Source data:
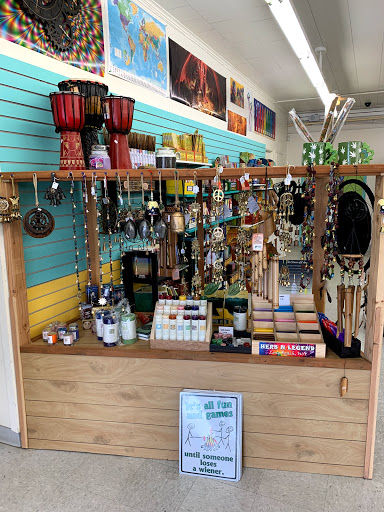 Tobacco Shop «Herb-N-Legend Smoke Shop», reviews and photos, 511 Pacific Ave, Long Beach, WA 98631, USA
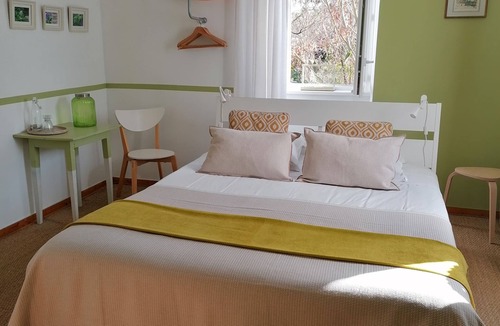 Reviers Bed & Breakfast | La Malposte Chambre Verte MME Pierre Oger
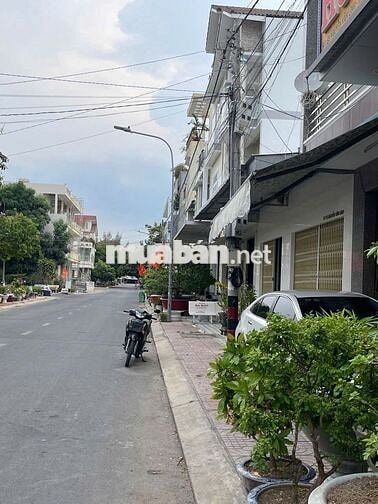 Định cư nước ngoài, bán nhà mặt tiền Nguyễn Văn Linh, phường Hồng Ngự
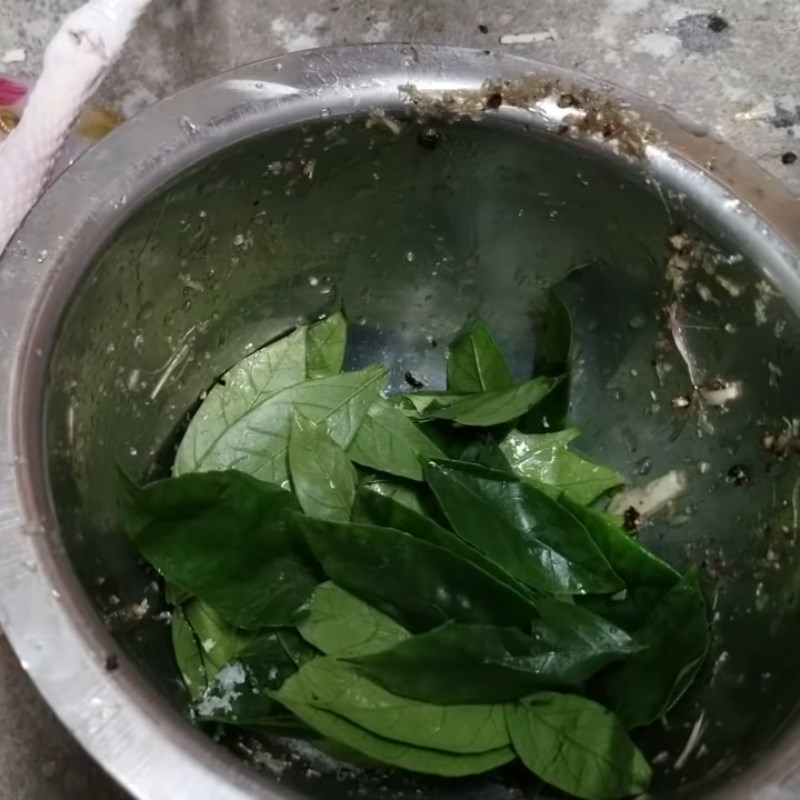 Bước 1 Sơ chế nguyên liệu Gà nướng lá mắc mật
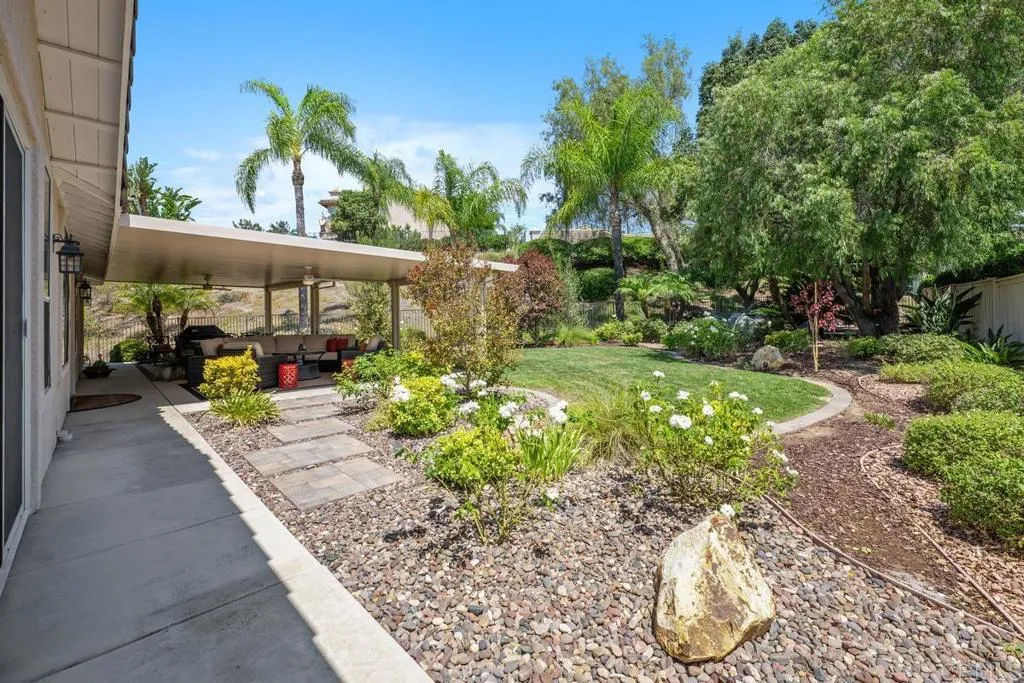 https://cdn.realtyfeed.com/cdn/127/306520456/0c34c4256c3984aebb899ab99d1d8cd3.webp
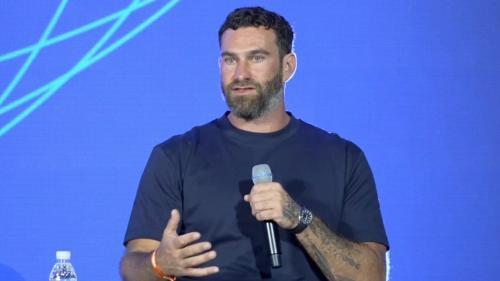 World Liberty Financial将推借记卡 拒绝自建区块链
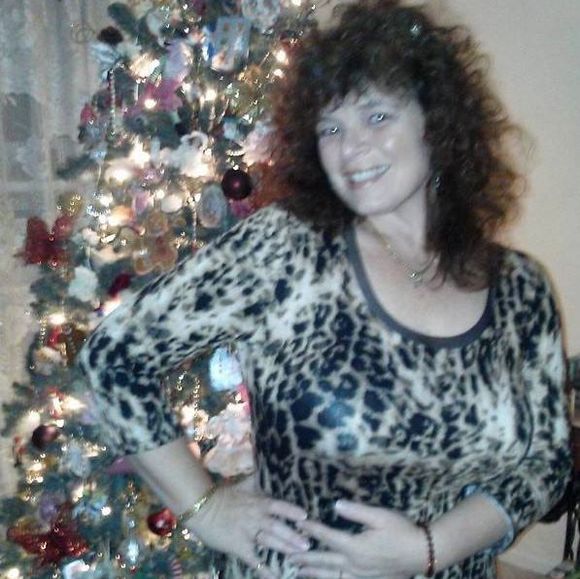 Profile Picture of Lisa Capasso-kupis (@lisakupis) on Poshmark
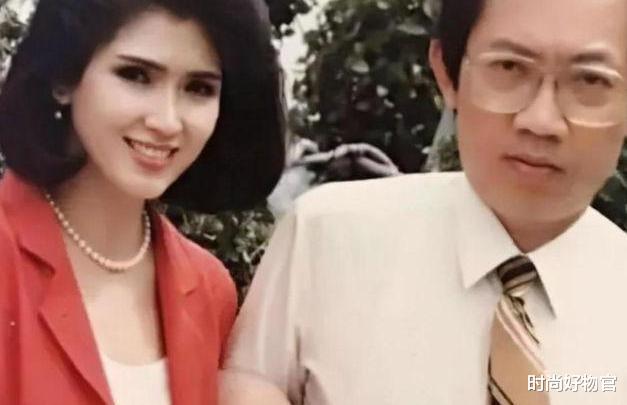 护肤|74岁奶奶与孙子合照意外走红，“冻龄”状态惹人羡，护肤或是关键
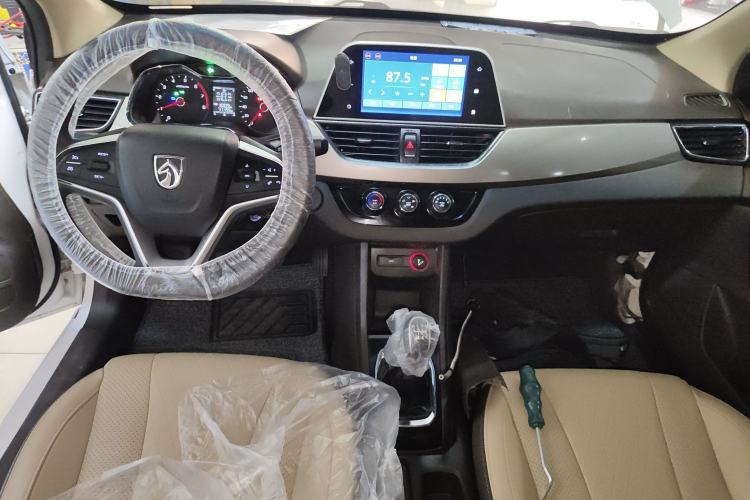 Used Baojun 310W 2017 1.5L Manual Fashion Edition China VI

About this task: The answer must be an exact transcription of the lines from the one holding "World Liberty Financial将推借记卡 拒绝自建区块链" to the last line of the entries above, with no pictures and nothing else.

Exercise output:
 World Liberty Financial将推借记卡 拒绝自建区块链
 Profile Picture of Lisa Capasso-kupis (@lisakupis) on Poshmark
 护肤|74岁奶奶与孙子合照意外走红，“冻龄”状态惹人羡，护肤或是关键
 Used Baojun 310W 2017 1.5L Manual Fashion Edition China VI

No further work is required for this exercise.